Cependant, lorsque les contraintes ne peuvent plus être absorbées, l’écosystème passe brusquement un point de non-retour – le point de basculement – et s’effondre. À Chilika, cela peut se produire lorsque les pêcheurs augmentent les prises de juvéniles pendant les pénuries, ce qui compromet davantage le renouvellement du stock de poissons.

Nous avons utilisé le logiciel pour modéliser plus de 70 000 simulations différentes. Dans les quatre modèles, les combinaisons de stress et d’événements extrêmes ont avancé la date d’un point de basculement prévu de 30 % à 80 %.

Cela signifie qu’un écosystème qui devrait s’effondrer dans les années 2090 en raison de l’augmentation rampante d’une seule source de stress, telle que les températures mondiales, pourrait, dans le pire des cas, s’effondrer dans les années 2030 une fois que nous prendrons en compte d’autres problèmes tels que les précipitations extrêmes, la pollution ou une augmentation soudaine de l’utilisation des ressources naturelles.

Il est important de noter qu’environ 15 % des effondrements d’écosystèmes dans nos simulations se sont produits à la suite de nouveaux stress ou d’événements extrêmes, tandis que le stress principal est resté constant. En d’autres termes, même si nous pensons gérer durablement les écosystèmes en maintenant constants les principaux niveaux de stress, par exemple en régulant les captures de poissons, nous ferions mieux de garder un œil sur les nouveaux stress et les événements extrêmes.

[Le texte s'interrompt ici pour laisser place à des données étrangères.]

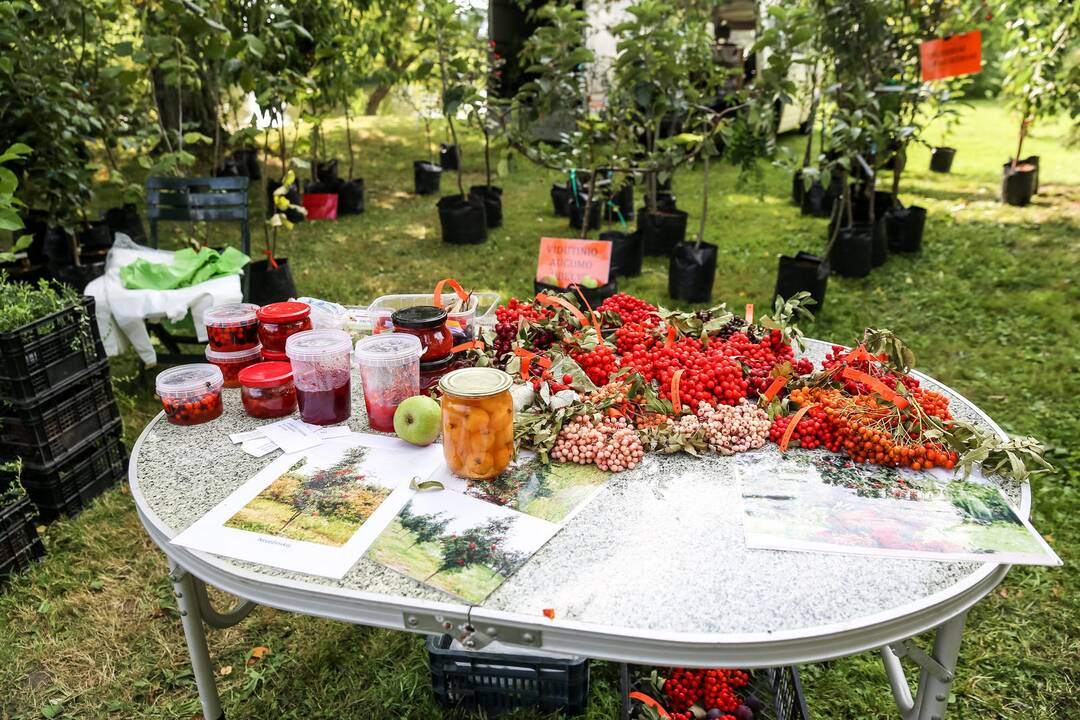 Mugė botanikos sode "Pakalnutės uoga"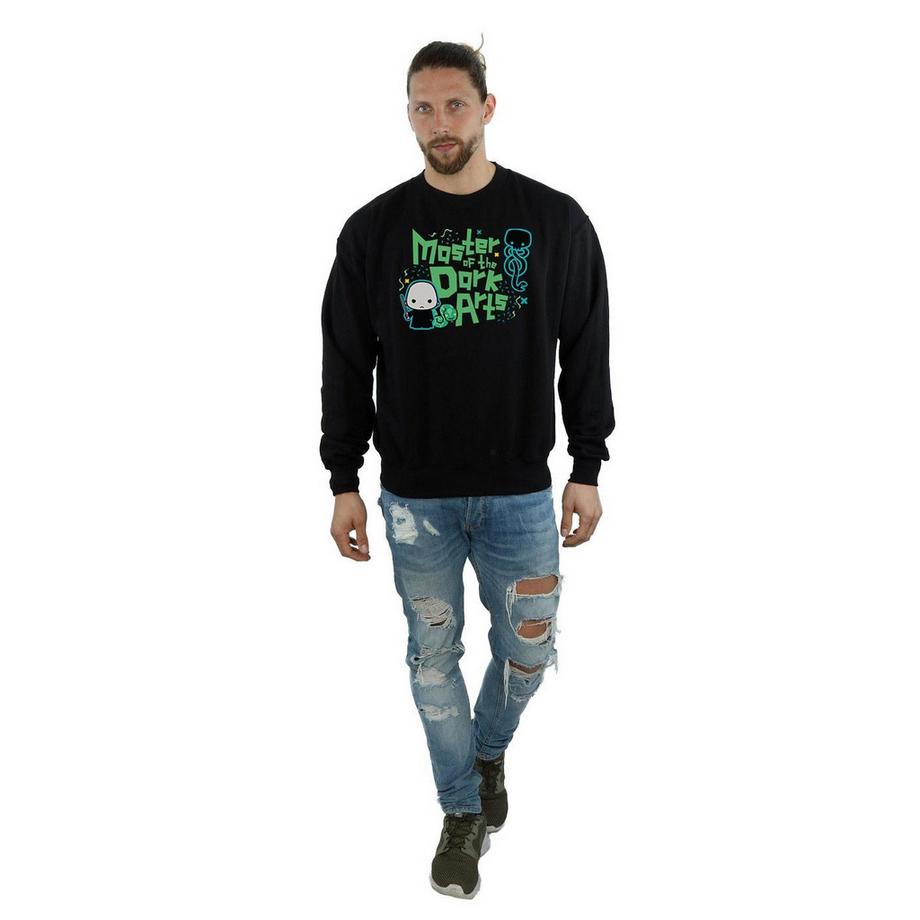 Harry Potter Voldemort Dark Arts Junior Sweatshirt  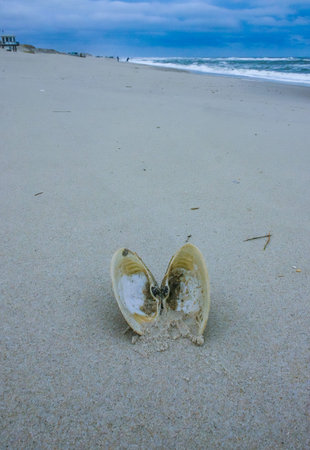A bivalve shell on the sand, washed ashore by a storm in Island Beach State Park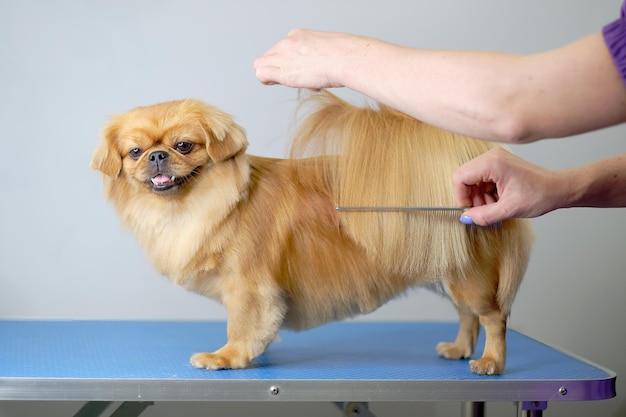 A female groomer combs the tail with a comb for a Shih tzu or Shih Tzu dog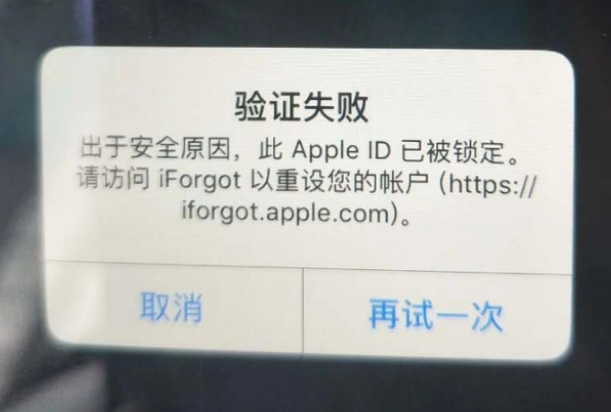 平阳iPhone维修分享iPhone上正常登录或使用AppleID怎么办 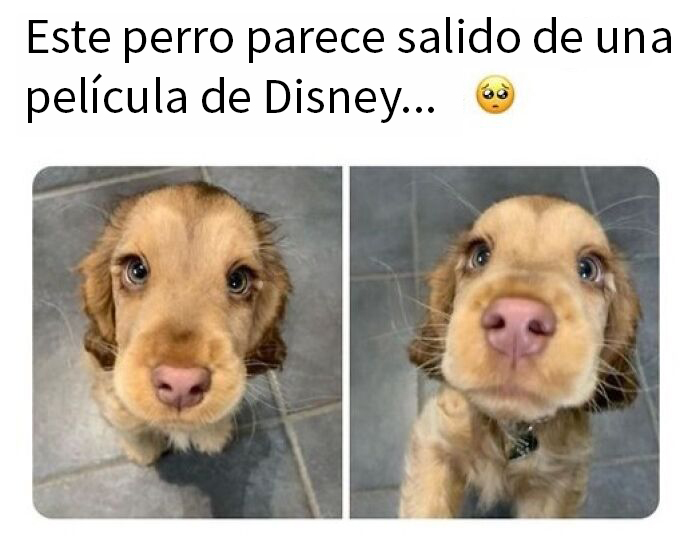 50 Posts To Bring Some Happiness And Joy Into Your Life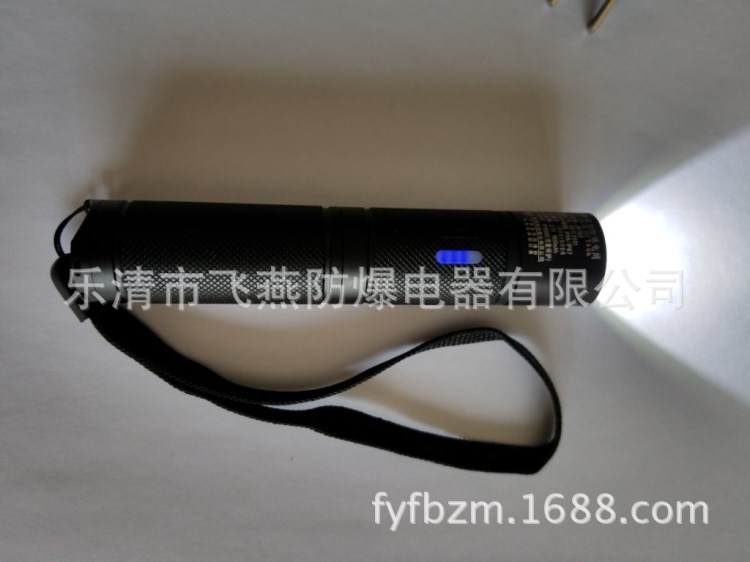 JW7302微型防爆電筒  袖珍型防爆手電 防爆手電批發 防爆手電廠家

Il n’y a pas de renflouements écologiques

Des études antérieures ont suggéré que les coûts importants liés au dépassement des points de basculement dans les grands écosystèmes se répercuteront à partir du deuxième moitié de ce siècle. Mais nos résultats suggèrent que ces coûts pourraient survenir beaucoup plus tôt.

Nous avons constaté que la vitesse à laquelle le stress est appliqué est essentielle pour comprendre l’effondrement du système, ce qui est probablement également pertinent pour les systèmes non écologiques. En effet, la rapidité accrue de la couverture des informations et des processus bancaires mobiles a récemment été invoquée comme augmentant le risque d’effondrement des banques. En tant que journaliste Gillian Tett a observé:

« L’effondrement de la Silicon Valley Bank a fourni une leçon horrible sur la façon dont l’innovation technologique peut modifier de manière inattendue la finance (dans ce cas, en intensifiant l’élevage numérique). Les récents crashs flash en offrent une autre. Cependant, ce sont probablement un petit avant-goût de l’avenir des boucles de rétroaction virales. . »

Mais là, la comparaison entre les systèmes écologiques et économiques s’épuise. Les banques peuvent être sauvées tant que les gouvernements fournissent un capital financier suffisant pour les renflouer. En revanche, aucun gouvernement ne peut fournir le capital naturel immédiat nécessaire pour restaurer un écosystème effondré.

Il n’existe aucun moyen de restaurer les écosystèmes effondrés dans un délai raisonnable. Il n’y a pas de renflouements écologiques. Dans le langage financier, nous n’aurons qu’à encaisser le coup.

Plus d’information:
Simon Willcock et al, Effondrement antérieur des écosystèmes anthropocènes entraîné par plusieurs moteurs plus rapides et plus bruyants, Durabilité naturelle (2023). DOI : 10.1038/s41893-023-01157-x

Fourni par La Conversation

Cet article est republié de La conversation sous licence Creative Commons. Lis le article original.